- _Activity_:
Only text is carried over. Reproduce the entries below exactly.

- _Data records_:
===
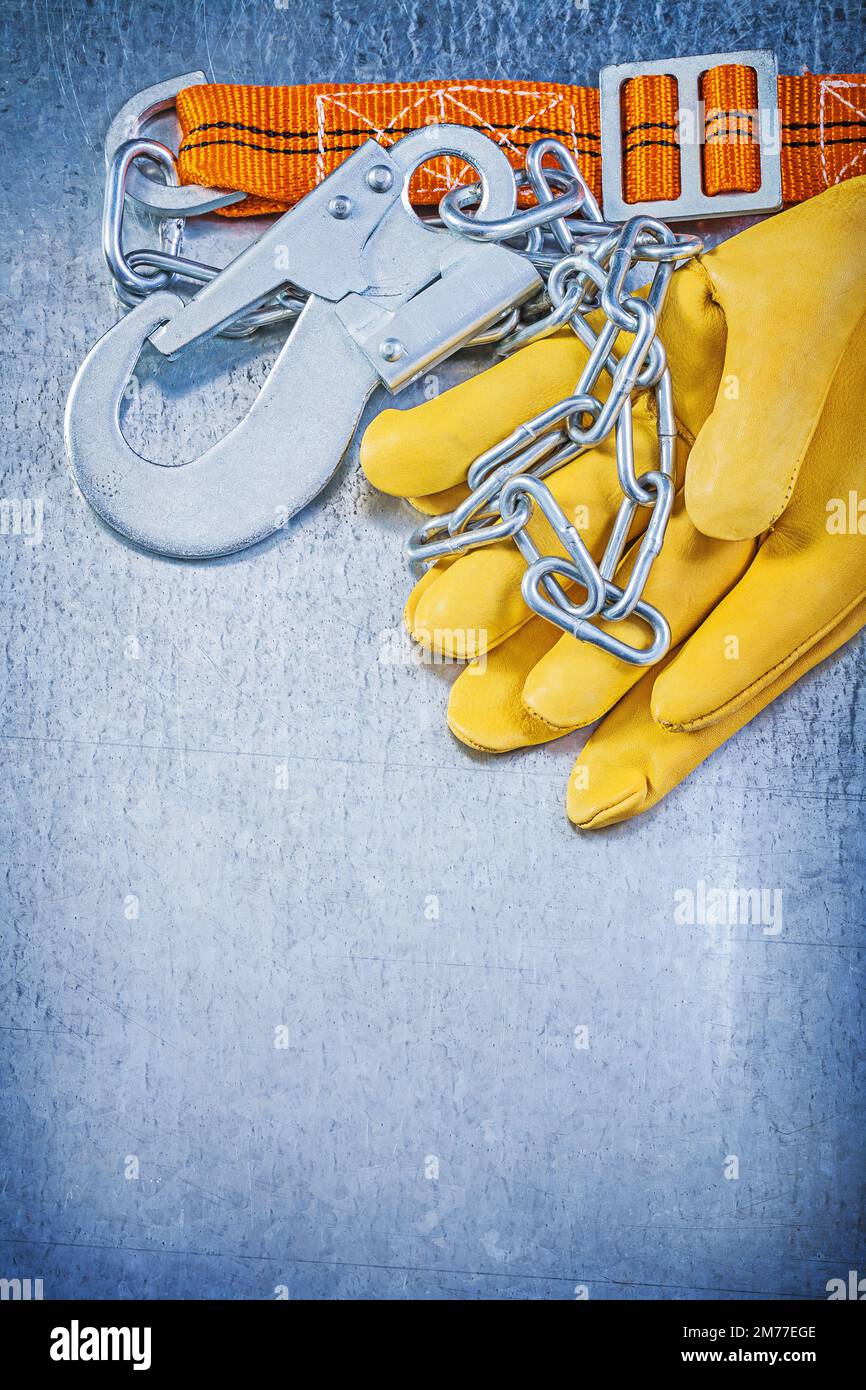 Safety construction body belt leather protective gloves on scratched metallic background. Stock Photo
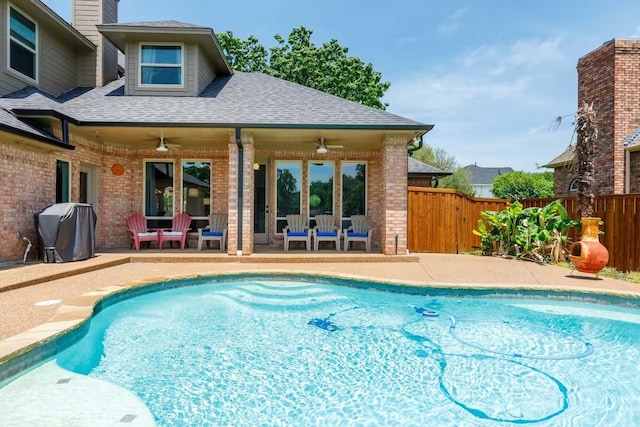 view of swimming pool with area for grilling, a patio, and ceiling fan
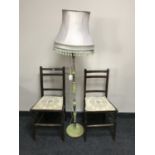 A pair of Edwardian oak bedroom chairs together with a standard lamp and shade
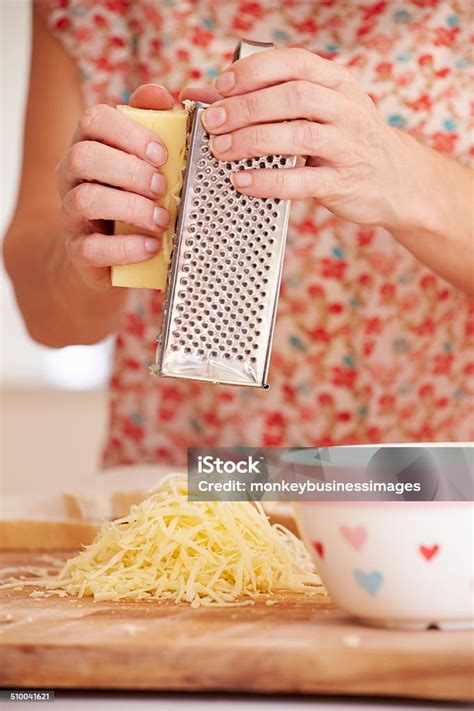 Close Up Of Woman Grating Cheese In Kitchen Stock Photo Download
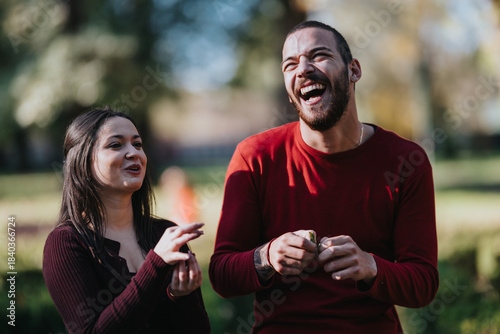 Fényképezés Two friends laugh together in a sunny park, enjoying a light, candid moment outdoors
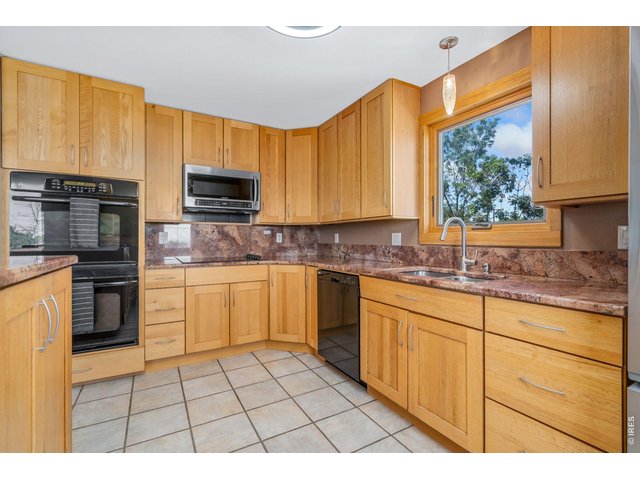 Property Photo 11 Double ovens, large windows provide lots of light.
===
- _Task result_:
 Safety construction body belt leather protective gloves on scratched metallic background. Stock Photo
 view of swimming pool with area for grilling, a patio, and ceiling fan
 A pair of Edwardian oak bedroom chairs together with a standard lamp and shade
 Close Up Of Woman Grating Cheese In Kitchen Stock Photo Download
 Fényképezés Two friends laugh together in a sunny park, enjoying a light, candid moment outdoors
 Property Photo 11 Double ovens, large windows provide lots of light.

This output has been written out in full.